Probably not all that much, in the big picture, where billions of dollars are the order of magnitude that things seem to be happening at, but it's cool to see in any case.


I dunno - the logistics of investing are hard and the sample documents are just a start. If you give people step-by-step directions and access to the right professionals, you may very well see a demonstrable increase in angel investing.

Things like this are why the Valley's so important. You'd think someone somewhere else would have done this, but noooooo. You just know that if someone else had done this, they'd have tried to make a buck on it. This is a completely altruistic move on YC's part - hell, they're setting up additional competition for the YC program.


Oh, I agree it's really cool and all, but compared with job losses in the 10's or 100's of thousands... I'm just not sure that it'll make much of a difference in terms of "help stimulate the economy and help liquidity start flowing again".

But that's no argument against it, or saying it's not important; just that perhaps getting a few more people investing is not going to fix the economy overnight.


I don't think it'll make much difference now, but I wouldn't be surprised if a program like this is the catalyst that sparks the recovery a couple years down the line.

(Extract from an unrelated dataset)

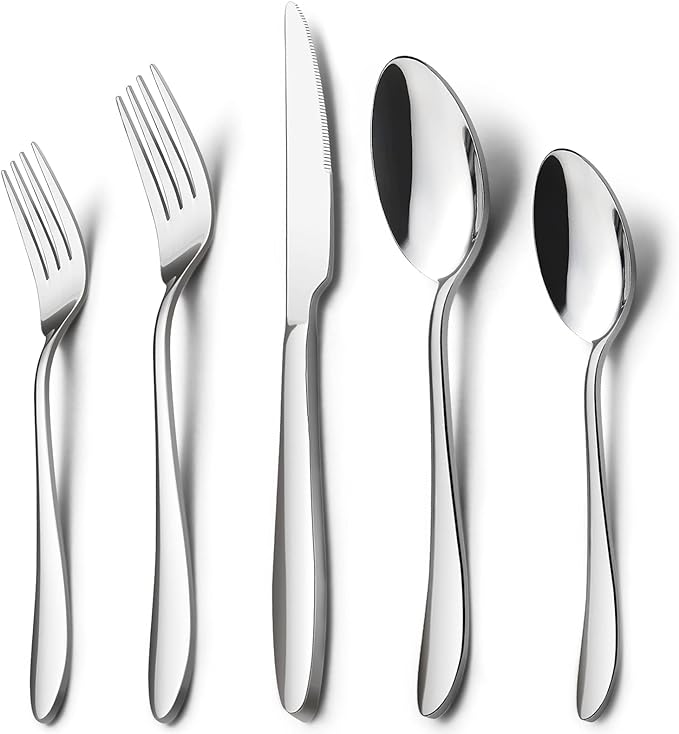 HaWare 40-Piece Silverware Set, Stainless Steel Flatware Service for 8 | Classic Tableware Cutlery for Home, Elegant Eating Utensils Include Knives Spoons Forks, Mirror Polished, Dishwasher Safe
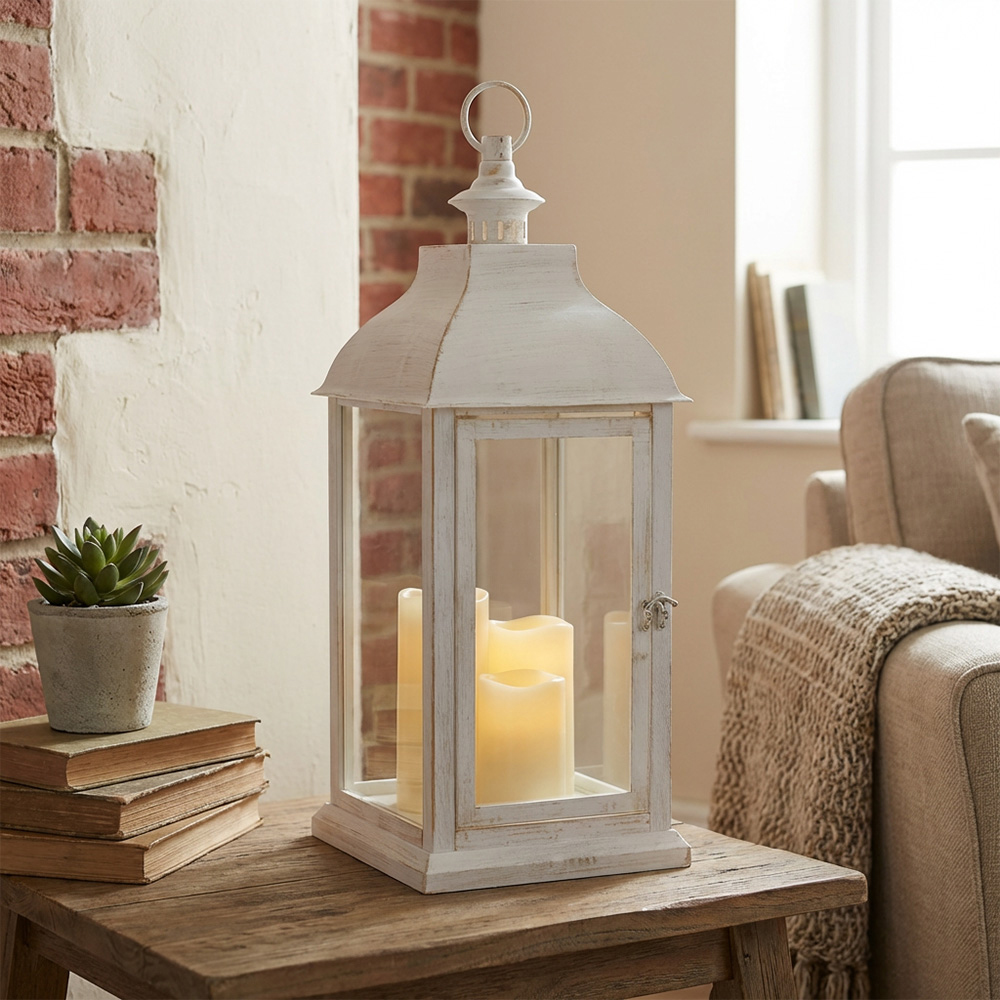 White Washed Triple LED Lantern Image 5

Most hacks take a few years to really show their impact, but somebody's gotta do it, or we'll be in a depression forever.


I think the effects of a few more people investing are probably minimal compared to N * 100 billion dollar stimulus package kinds of things, GM going into bankruptcy, etc... (Whether you view the effects of that as positive or negative).

That doesn't mean it won't lead to good things, I'm just skeptical of a smallish conference in terms of "saving the economy". I don't think that's really it's purpose in any case.


Sure, but if we got funding, what would we do? We'd hire people.


But not a statistically significant number. Fred had a great post on this, "Twenty-Two Years Of Job Creation Wiped Out In One Day"

http://www.avc.com/a_vc/2009/01/twenty-two-years-of-job-crea...


So the way to figure out whether that means anything at a large enough scale to matter, is to look at how many angels might invest how much money. I honestly have no idea, but here are some random numbers:

10,000 investors invest 10,000 dollars each is 100 million dollars. You could vary that to 1,000 investors doing 100,000 of investment each. 1,000 investors each doing a million dollars would be 1 billion dollars. What relationship do those random numbers bear to reality? Has YC even spent a million dollars on all the companies involved? And there are several people investing in YC, so I think it probably comes out to less than a million a head, and they've been doing this for a while now.

The real impact of startups is not likely going to be in hiring in any case, but still, it's worth looking at some numbers to get an idea of the order of magnitude that we're talking about.


For the first part of your math, YC has spent at least 1.5 million (~300 founders * 5000). Team sizes vary, but if we hold them at 3 members, we get another half mil. So by my very back of the envelope calculations they've invested about $2 million.


~250 founders of 102 companies: http://www.youtube.com/watch?v=JHlj3xKyChg

We need to add another 100 ghost founders to account for the extra $5,000, so that makes it: ~350 founders x $5,000/founder = ~$1.75 million invested, so far.

Y Combinator has (I personally believe, but do not necessarily know to be true) additionally sunk capital investment into:

  * Beans and rice
  * A building and associated land in Boston
  * A building and associated land in Mountain View
  * Utility bills
  * Travel expenses
  * Legal fees (including 102 incorporation-fee packages)
  * Accounting fees
  * Misc.


~350 founders x $5,000/founder = ~$1.75 million invested, so far.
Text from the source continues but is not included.